In other words, Trump does a disservice to anyone who seeks to analyze the actual interplay between the mainstream U.S. media and the politically powerful when he exploits that serious concern by using it to cover up his own unconscionable behavior.

"I take all of these slings and arrows gladly, for you," Trump told a cheering crowd in West Palm Beach, Florida, on Thursday. "I take them for our movement, so that we can have our country back. Our great civilization here in America and across the civilized world has come upon a moment of reckoning."

Yet, Trump is not some innocent martyr for the cause. The simple and obvious truth is that he did what he bluntly described himself doing, forcing himself on unsuspecting women and satisfying his prurient interest in seeing naked women, even girls as young as 15.

That he is now attacking the honesty of women who simply confirm what he himself has said about his own behavior is truly bizarre. His recent assertion that his self-admissions were not to be taken seriously - and that thus the confirmations of his own words by a variety of women coming forward - must be false stands as one of the most audacious lies ever told in U.S. politics, which is saying something.

This is not a "he said/she said" situation. It is a moment in which "he" confessed to the actions that "she" - or in this case, multiple she's - is confirming, except now the "he" says he was lying when he made his un-coerced confessions and thus the confirmations must also be a lie.

Spinning a Conspiracy Theory

As bad as that is, Trump has made matters worse by wrapping his self-contradictions about his own actions in the web of a global conspiracy. That means his cover-up also discredits the valid concerns about the real coordination of policies by the wealthy and the political/media elites. Trump's conspiracy theory is like many other conspiracy theories that divert attention from some genuine wrongdoing by postulating an absurd alternative reality that is easily disproved.

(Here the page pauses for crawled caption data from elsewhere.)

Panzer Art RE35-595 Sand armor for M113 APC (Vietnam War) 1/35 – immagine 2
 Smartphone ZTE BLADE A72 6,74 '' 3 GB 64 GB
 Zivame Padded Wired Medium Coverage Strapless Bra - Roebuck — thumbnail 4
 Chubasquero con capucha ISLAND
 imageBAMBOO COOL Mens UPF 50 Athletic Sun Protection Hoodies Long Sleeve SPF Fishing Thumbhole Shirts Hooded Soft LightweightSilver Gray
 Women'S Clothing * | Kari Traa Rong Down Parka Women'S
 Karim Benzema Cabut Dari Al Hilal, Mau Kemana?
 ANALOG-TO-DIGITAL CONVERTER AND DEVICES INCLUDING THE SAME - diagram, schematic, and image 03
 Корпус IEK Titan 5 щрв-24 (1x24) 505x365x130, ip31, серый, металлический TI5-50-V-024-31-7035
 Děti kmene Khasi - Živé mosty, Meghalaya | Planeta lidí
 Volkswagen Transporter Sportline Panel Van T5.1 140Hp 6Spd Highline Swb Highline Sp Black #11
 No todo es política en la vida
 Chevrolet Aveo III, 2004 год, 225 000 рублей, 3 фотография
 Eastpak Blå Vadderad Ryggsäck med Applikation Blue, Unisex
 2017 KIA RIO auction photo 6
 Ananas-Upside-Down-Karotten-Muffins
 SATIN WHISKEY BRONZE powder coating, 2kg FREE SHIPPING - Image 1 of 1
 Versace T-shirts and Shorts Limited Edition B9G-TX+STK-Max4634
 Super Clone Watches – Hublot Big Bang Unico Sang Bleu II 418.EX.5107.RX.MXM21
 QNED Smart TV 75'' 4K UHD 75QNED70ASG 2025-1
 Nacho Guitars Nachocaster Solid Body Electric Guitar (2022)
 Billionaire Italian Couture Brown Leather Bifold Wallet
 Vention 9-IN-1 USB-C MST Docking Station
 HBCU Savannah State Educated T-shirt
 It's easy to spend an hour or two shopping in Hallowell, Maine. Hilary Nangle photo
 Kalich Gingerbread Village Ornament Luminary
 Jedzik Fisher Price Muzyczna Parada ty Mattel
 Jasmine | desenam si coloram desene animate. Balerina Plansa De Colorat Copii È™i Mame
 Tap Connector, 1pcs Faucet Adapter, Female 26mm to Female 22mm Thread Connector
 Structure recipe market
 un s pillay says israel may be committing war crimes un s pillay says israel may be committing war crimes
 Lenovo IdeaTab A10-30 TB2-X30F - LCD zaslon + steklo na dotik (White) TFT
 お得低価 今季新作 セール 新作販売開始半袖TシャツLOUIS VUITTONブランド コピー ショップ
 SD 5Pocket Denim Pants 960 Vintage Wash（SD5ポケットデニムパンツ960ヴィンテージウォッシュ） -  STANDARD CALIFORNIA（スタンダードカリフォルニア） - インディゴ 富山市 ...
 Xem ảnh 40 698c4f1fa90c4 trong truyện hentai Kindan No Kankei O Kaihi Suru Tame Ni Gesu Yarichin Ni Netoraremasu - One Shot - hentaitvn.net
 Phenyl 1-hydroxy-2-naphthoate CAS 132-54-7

In this case, Trump enables the Times, which does deserve criticism for a long pattern of falling in line behind the falsehoods of the Establishment, to now wrap itself in the cloak of courageous journalism reporting facts that Americans need to know to function as informed citizens in a democracy. With his preposterous threat to sue the Times, Trump gives the Times unearned credibility as the protector of the public interest.

Trump further undermines his generally accurate contention that the powers-that-be are enriching themselves at the expense of regular people when he surrounds that important point with various right-wing nostrums about slashing taxes on the rich and wiping away regulations that somewhat constrain the actions of big banks and big corporations.

How it follows that the way to rein in the abuses of the powerful is to give them more money and freedom to do whatever they want is never explained in Trump's "populist" appeals.

To say that Trump is a flawed messenger for a reasonably valid message about the elites having little concern about the suffering of the commoners is a gross understatement. He is the personification of a rich and powerful individual exercising dominion over vulnerable people who can't fight back. He is, in a word, a phony. And, if you wanted to add another word, he is a demagogic phony.

It is a sad predicament that people who want desperately to challenge the unbridled, corrupt and dangerous power of the global elites find themselves stuck with Donald Trump as their avatar, a person who was happy to hobnob with those elites and share their grotesque control over "lesser" people until he suddenly found "populism" as the way to accumulate even more power.